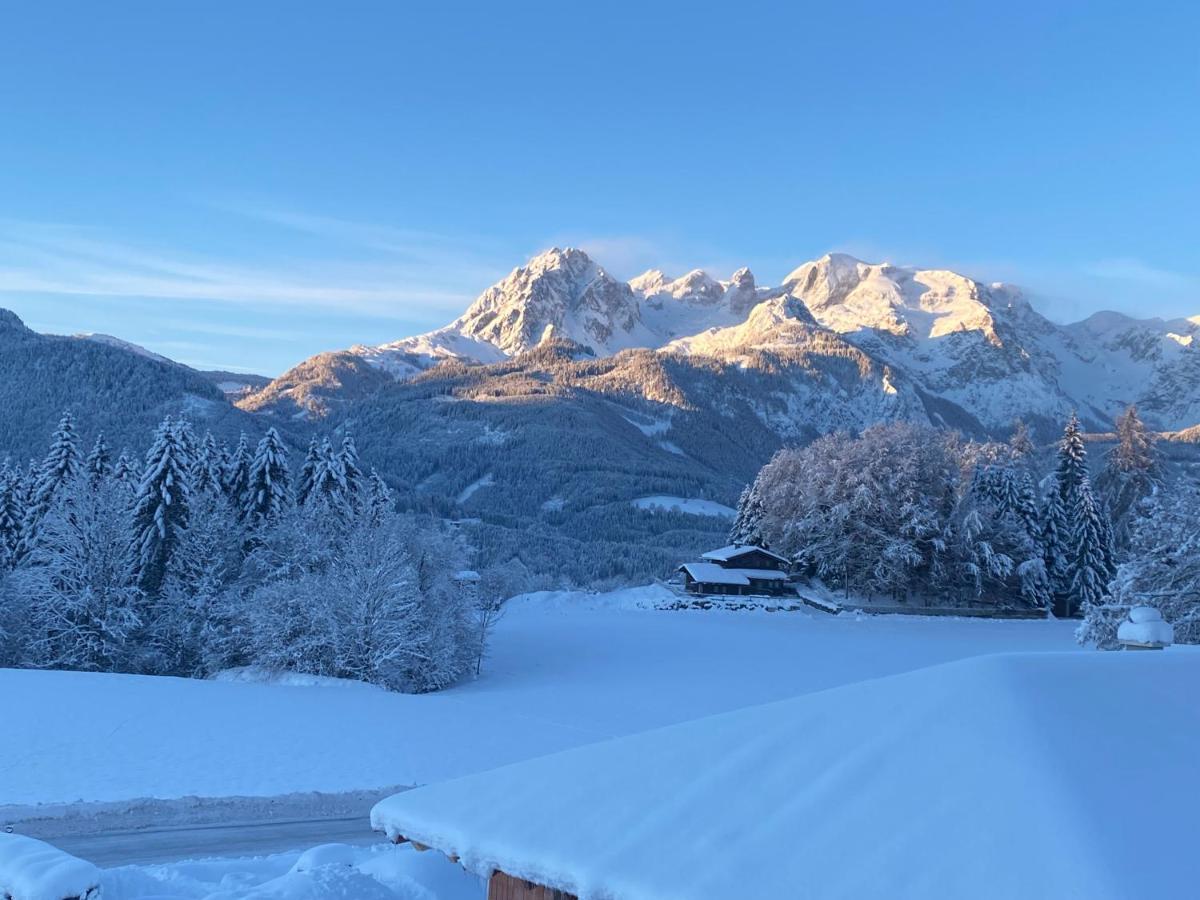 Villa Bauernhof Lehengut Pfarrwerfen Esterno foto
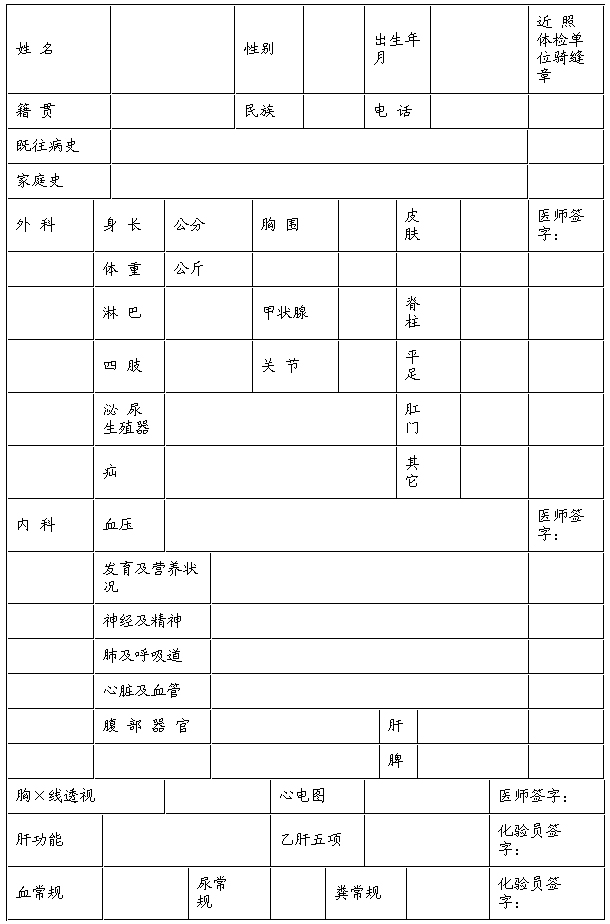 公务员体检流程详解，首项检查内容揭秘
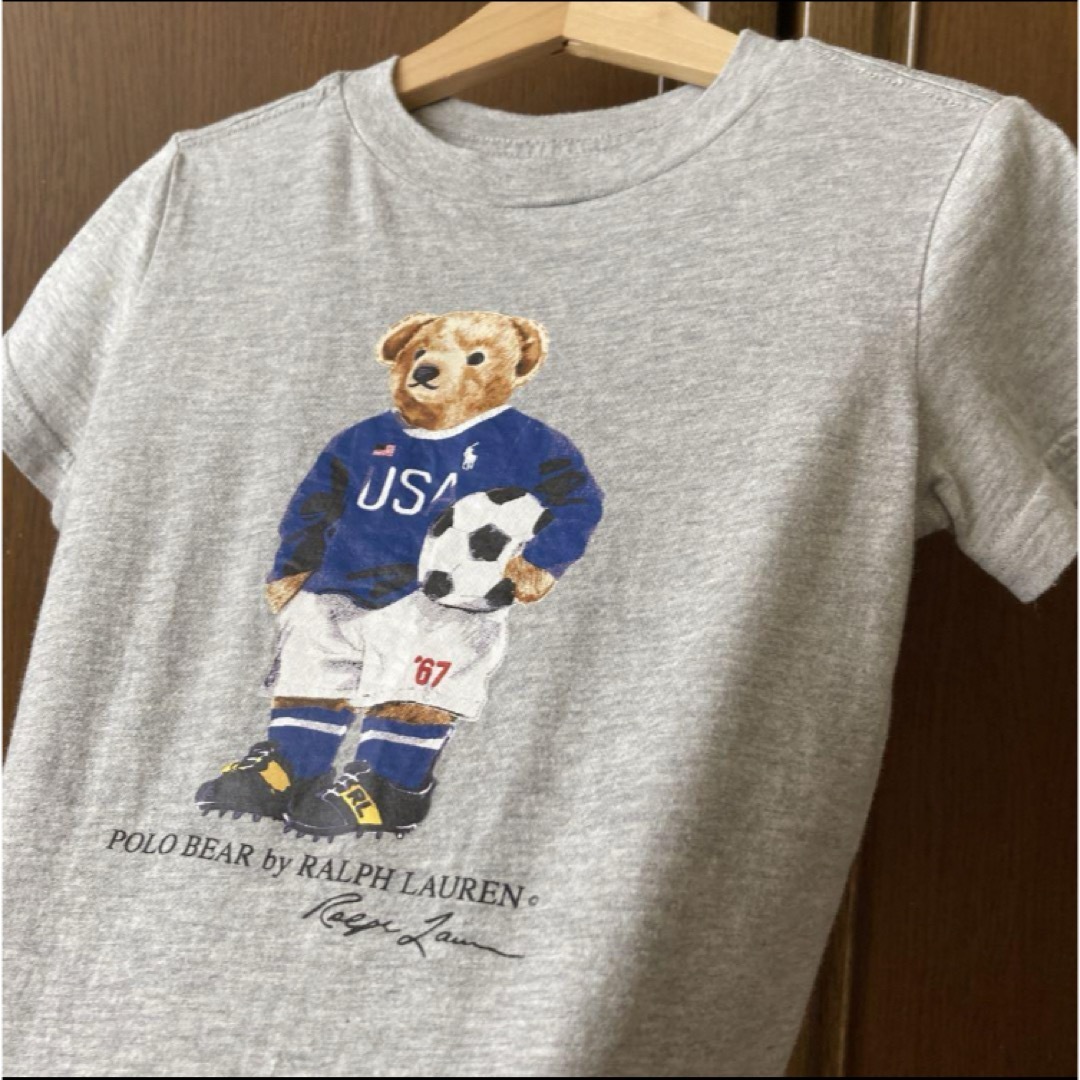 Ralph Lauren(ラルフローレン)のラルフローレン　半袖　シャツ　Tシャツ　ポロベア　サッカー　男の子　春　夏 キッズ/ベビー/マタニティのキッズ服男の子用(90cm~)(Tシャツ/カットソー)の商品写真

---------------

Exercise goal: Your output should be the lines from the line containing "公务员体检流程详解，首项检查内容揭秘" through the last line of the listing above, restated exactly, with no pictures among them.

Result of this exercise:
 公务员体检流程详解，首项检查内容揭秘
 Ralph Lauren(ラルフローレン)のラルフローレン　半袖　シャツ　Tシャツ　ポロベア　サッカー　男の子　春　夏 キッズ/ベビー/マタニティのキッズ服男の子用(90cm~)(Tシャツ/カットソー)の商品写真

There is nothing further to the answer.